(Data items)
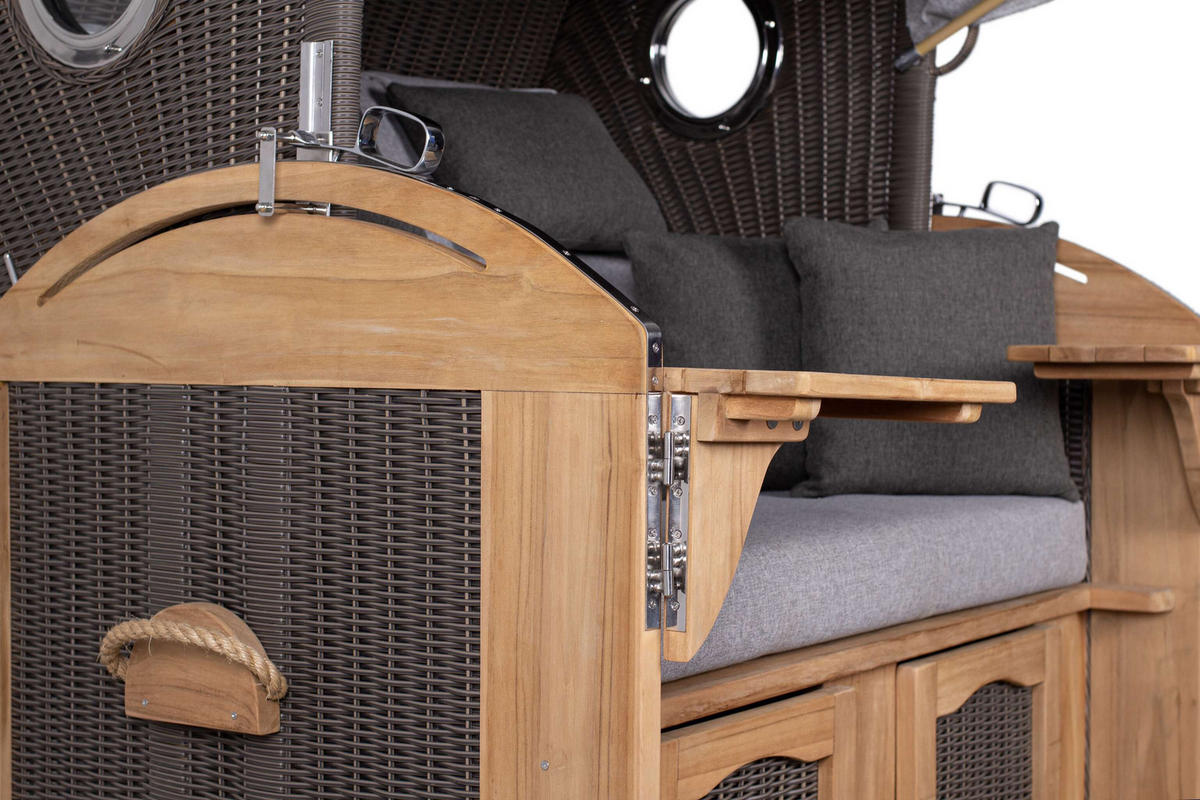 STRANDKORB XL Schillig Bullauge - Braun/Grau, Metall (142/170/95cm) - Mr. Deko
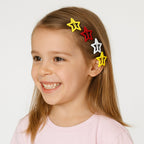 Hair styled with a colorful metal star hair clip in use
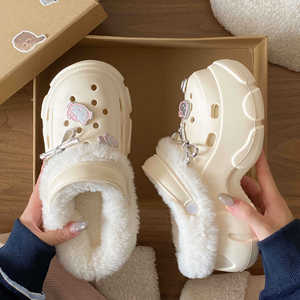 รองเท้าสวมแบบสวมครึ่งเท้า พื้นหนา กันลื่น ระบายอากาศได้ดี สำหรับผู้หญิง รุ่นใหม่ ฤดูใบไม้ผลิ ฤดูใบไม้ร่วง ปี 2025 พร้อมที่คาดผม - Product Image 2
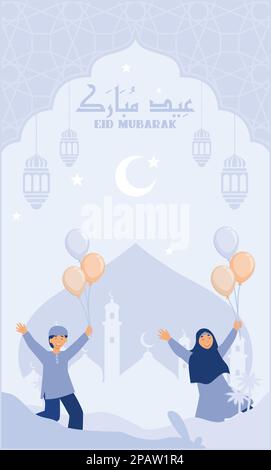 EID Mubarak, Happy Kids Illustration biglietto di auguri personaggio, piatto vettore illustrazione moderna Illustrazione Vettoriale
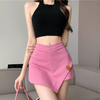 Summer Women Irregular Tight Elastic One Step Skirt Overlap Shorts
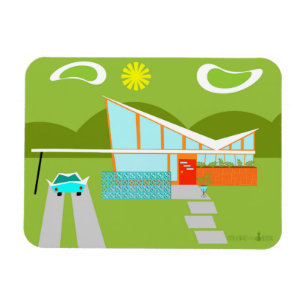 Retro Palm Springs House Flexible Magnet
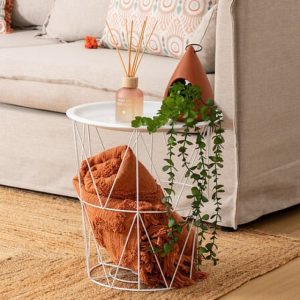 white metal origami table h40 x d37cm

- _Exercise prompt_
Output nothing except the lines from the one containing "Summer Women Irregular" through the final line of the entries, repeated exactly and free of pictures.

- _Answer to this problem_
 Summer Women Irregular Tight Elastic One Step Skirt Overlap Shorts
 Retro Palm Springs House Flexible Magnet
 white metal origami table h40 x d37cm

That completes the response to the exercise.